On the earnings call, the company reports a bevy of bad news. This includes everything Marybeth had already researched. However, after the call, the share price rises from $30 to $32. What happened?
Despite fundamental signs that the business was overvalued, Marybeth overlooked the fact that ABC Startup is a tech startup. And, in the current market, big companies are gobbling up small tech startups at hugely inflated prices. Despite its struggles, it’s clear that investors believe it’ll get acquired on the basis of its IP alone. Thus, investor sentiment remains bullish and the price remains high.
The Pillars of Behavioral Finance
The above example is just one common example of behavioral finance at work. In fact, it’s an example of herd mentality: one of the five core behavioral drivers that cause irrational decision-making. Here’s a look at all of them:
- Herd mentality. People anticipate events before they happen and act prematurely, causing others to feel like they’re missing out and thus, act the same way.
- Emotional gapping. The interference of emotion in decision-making, causing a shift away from facts, toward feelings. The result is an irrational action.
- Anchoring. Locking in to a certain belief and using it as a foundation for broad decision-making. However, the anchor might not be broadly applicable, or even correct.
- Mental accounting. Mental allocation of money that skews actual accounting, creating inaccuracies and gaps in spending or saving.
- Self-attribution. Using special knowledge to inform decisions that might not be entirely accurate based on public perception. There’s such a thing as too much knowledge!
These five pillars of behavioral finance form the foundation for a wide range of cognitive biases. In fact, Charlie Munger, the famed investor and business partner of the great Warren Buffett, published a popular essay on 25 cognitive biases, The Psychology of Human Misjudgment. These examples all illustrate the power of irrational thinking and its effects within rational financial markets.
How to Use Behavioral Finance
There are three distinct ways to employ behavioral finance to individual investing, to become a more informed investor.
- To understand “why.” When markets don’t behave as you expect them to based on fundamental and technical assessments, behavioral analysis can lend insight into the reasons behind seemingly irrational behavior.
- To prevent mistakes.

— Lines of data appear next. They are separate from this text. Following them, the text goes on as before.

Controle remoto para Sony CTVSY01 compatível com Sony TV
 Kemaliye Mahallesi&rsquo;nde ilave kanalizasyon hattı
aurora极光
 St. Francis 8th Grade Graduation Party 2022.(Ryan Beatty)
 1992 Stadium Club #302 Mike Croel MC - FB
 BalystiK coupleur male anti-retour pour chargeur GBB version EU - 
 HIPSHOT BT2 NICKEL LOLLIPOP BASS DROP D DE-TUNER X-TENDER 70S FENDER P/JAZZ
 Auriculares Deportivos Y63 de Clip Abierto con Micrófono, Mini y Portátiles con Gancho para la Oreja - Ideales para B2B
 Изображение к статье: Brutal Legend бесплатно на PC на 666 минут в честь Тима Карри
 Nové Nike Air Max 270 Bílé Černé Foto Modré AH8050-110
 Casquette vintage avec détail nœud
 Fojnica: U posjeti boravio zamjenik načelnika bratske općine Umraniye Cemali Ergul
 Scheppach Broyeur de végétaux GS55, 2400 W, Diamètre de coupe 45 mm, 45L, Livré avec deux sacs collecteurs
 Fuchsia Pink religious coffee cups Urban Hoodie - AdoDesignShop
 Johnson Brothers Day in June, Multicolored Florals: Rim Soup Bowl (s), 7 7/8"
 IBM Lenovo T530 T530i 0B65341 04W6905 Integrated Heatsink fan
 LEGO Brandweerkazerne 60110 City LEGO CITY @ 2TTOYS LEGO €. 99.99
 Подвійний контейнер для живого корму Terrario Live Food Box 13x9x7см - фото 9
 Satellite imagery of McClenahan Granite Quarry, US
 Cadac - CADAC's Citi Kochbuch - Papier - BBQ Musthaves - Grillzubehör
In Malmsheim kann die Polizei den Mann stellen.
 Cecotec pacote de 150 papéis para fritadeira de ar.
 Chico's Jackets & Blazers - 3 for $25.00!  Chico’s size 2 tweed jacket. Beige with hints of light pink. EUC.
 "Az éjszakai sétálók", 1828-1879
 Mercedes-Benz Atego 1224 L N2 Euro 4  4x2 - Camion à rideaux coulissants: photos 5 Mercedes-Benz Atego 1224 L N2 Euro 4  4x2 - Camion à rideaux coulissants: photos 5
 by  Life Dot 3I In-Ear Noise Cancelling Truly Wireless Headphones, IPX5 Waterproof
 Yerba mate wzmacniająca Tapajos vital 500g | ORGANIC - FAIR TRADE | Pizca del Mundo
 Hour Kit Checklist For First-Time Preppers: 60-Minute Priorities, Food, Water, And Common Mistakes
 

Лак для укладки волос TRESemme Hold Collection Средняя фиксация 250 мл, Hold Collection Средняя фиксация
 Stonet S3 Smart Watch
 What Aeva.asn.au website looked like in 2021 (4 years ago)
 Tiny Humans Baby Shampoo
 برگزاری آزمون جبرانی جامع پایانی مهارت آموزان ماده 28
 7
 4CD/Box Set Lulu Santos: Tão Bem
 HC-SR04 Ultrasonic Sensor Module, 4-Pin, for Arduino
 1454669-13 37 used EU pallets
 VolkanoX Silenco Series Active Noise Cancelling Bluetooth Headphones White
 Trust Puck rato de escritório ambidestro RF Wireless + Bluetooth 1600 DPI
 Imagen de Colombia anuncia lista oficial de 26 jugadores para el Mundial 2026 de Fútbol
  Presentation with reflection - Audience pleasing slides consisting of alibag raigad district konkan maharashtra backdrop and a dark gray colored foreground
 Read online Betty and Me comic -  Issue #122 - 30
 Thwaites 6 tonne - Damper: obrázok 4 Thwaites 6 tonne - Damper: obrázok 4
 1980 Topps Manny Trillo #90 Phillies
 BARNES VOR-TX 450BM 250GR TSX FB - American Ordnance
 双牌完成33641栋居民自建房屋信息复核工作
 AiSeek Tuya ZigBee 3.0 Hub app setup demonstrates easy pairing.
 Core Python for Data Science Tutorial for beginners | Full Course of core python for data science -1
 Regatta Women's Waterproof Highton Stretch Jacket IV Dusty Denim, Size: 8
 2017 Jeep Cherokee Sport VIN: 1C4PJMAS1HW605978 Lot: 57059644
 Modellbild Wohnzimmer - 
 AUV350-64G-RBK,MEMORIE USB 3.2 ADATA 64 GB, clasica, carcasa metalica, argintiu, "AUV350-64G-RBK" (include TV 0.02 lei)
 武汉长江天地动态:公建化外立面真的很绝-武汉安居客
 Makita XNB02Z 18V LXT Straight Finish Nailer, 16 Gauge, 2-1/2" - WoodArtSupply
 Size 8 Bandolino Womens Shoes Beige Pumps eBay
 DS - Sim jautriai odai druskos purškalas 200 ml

Being aware of behavioral tendencies and cognitive biases can help re-center investors, so they don’t fall into the trap of misinformed decision-making and the consequences that come with it.
- To identify opportunities. Understanding the behavioral pitfalls people are prone to helps mindful investors identify irrational markets and make rational, informed decisions that capitalize on them.
Keep in mind that understanding behavioral finance doesn’t stop irrational decision-making. You can only control your own decisions! Often, in irrational markets, rational investors need to take a defensive stance. Hence the old saying, “the market can stay irrational longer than you can stay liquid.”
Real-World Examples of Behavioral Finance
Irrational behavior can occur at both micro and macro levels within public markets. That is to say, it can affect individual stocks or the market as a whole.
At the stock level, GameStop (NYSE: GME). In January 2021, the stock jumped 1,625% over the span of just 30 days, fueled by herd mentality and emotional gapping. The company’s financials signaled impending bankruptcy, which led many institutional investors to short it. In response, retail investors sent the price skyrocketing in a short squeeze. The massive price spike had little to do with the company’s value and more to do with the war between bears and bulls.
At the market level, nothing illustrates behavioral finance in action like the Dot-com Bubble of the late 1990s. Investors abandoned all pretense of fundamental analysis during this period, buying up any internet startup for fear of missing the “next big thing.” In reality, most of these companies were worthless or unperforming. In the early 2000s, the bubble burst and many investors suffered heavy losses on reckless speculation.
Rational Markets Will Always Face Irrational Behavior
It’s impossible to separate investors from their emotions. Even the most well-intentioned investors fall into cognitive biases and behavioral traps as they seek to beat the market (and other investors). Irrational events can leave rational investors holding the bag and scratching their heads.
To understand why markets behave outside the bounds of logic and reason at times, every investor needs to become a student of behavioral finance. People are unpredictable, which means market activity is unpredictable. Understanding why can help logical investors protect themselves, and even capitalize when illogical decision-making shapes a reactionary market.